Ein Sozialdrama, das im Laufe von 24 Buchseiten seinen unerbittlichen und unausweichlichen Verlauf nimmt. Die ganze Entwicklung, ja sogar die einzelnen Schritte sind so ungeheur vorhersehbar, dass die Lektüre schon fast physisch Schmerzen bereitet. Menschen sind Monster.
★★★
Rost
8. —Es folgt die mit achtzehn Seiten kürzeste Erzählung des Bandes. Mit ihr erreichen wir die Hälfte der Sammlung, Bergfest! Fast wünschte ich, die beiden Protagonisten der Kurzgeschichte könnten das auch von sich sagen: Bergfest. Aber Eunice und Walt stehen wohl eher schon an der Schwelle zum Winter ihrer beider Leben. Wenn man auf Details achtet, kann man mitrechnen; Eunice ist 79, ihr Mann fünf Jahre jünger.
Die Handlung der Geschichte lässt sich in einem Doppelsatz erschöpfend zusammenfassen: An einem Vormittag stürzt Walt mitten im Garten auf der Suche nach dem Hund und kommt nicht mehr hoch, und als Eunice nach einem langen Tag mit Wodka Tonic vor dem Fernsehgerät gegen Abend endlich nach ihrem Gatten sucht, fällt sie selbst über die liegende Gestalt und bricht sich den Schenkelhals. Das war es dann wohl für die beiden?
Kurz und heftig, und dennoch eine der besten Geschichten der Sammlung.
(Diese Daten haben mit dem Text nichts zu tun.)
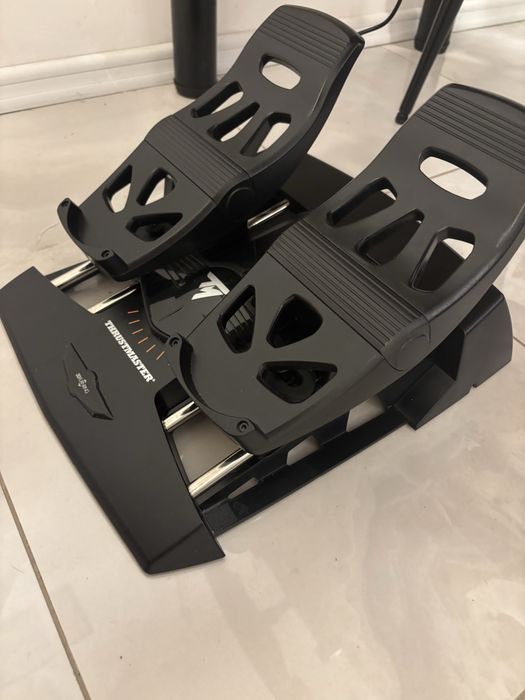Vând simulator de joc Saitek Pro Flight Yoke si pedale ThrustMaster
Denn Boyle lässt seine beiden Figuren einen ganzen Tag lang ihre Vergangenheiten Revue passieren. Das Kennenlernen, die Attraktivität der zwei jungen Leute, beglückender Sex. Wie Walt seine Eunice aus ihrer unglücklichen ersten Ehe befreite. Aber auch der Unfalltod des Sohnes. Das gemeinsame Haus mit der damals brandneuen Küche. Und im Gegensatz dazu die unaufhaltsame Entfremdung zwischen dem alternden Paar. Und wie immer unvermeidlich in boyleschen Texten: Alkohol, sehr viel Alkohol. – Alles in allem eine prachtvolle Anekdote!
★★★★
Peep Hall
9. —Es geht um ein Phänomen, das zu Beginn des Jahrtausends, als die Kurzgeschichten aus Schluss mit cool veröffentlicht wurden, vermutlich noch nicht weit verbreitet war. Es geht um digitale Prostitution. Mittlerweile verdingen sich ja Menschen aller Art und in allen Ecken der Welt als Darsteller, die vor ständig laufenden Webcams ihren Alltagstätigkeiten nachgehen: Schlafen, Kochen, Abhängen, Pinkeln und was weiß ich noch. Es geht um das versteckte Reich einzelner Menschen, das paradoxerweise gleichzeitig für jedermann frei zugänglich ist, der den Webcamzugang gegen Geld freischaltet. Es muss wohl ein rätselhafter Zauber darin liegen, einer/einem Fremden nach Lust und Laune auch bei den ordinärsten Banalitäten zuzusehen.
Erzähler dieser dreißigseitigen Geschichte ist der vierzigjährige Hart (nein, nicht „Bart“) Simpson. Er arbeitet als Barkeeper in einem Hotel und lebt ansonsten zurückgezogen in einem geerbten Bungalow in Südkalifornien. An privaten Kontakten oder Unternehmungen hat Hart kein Interesse. Jedenfalls solange nicht, bis er die Bekanntschaft einer jungen Frau macht, die neu in der Gegend ist. Jennifer lebt als „Samantha“ zwei Häuser weiter, zusammen mit weiteren sechs Mädchen, denen man 24 Stunden lang über die Webcams auf www.peephall.com* beim Zeit-Totschlagen zusehen kann. Hart ist elektrisiert.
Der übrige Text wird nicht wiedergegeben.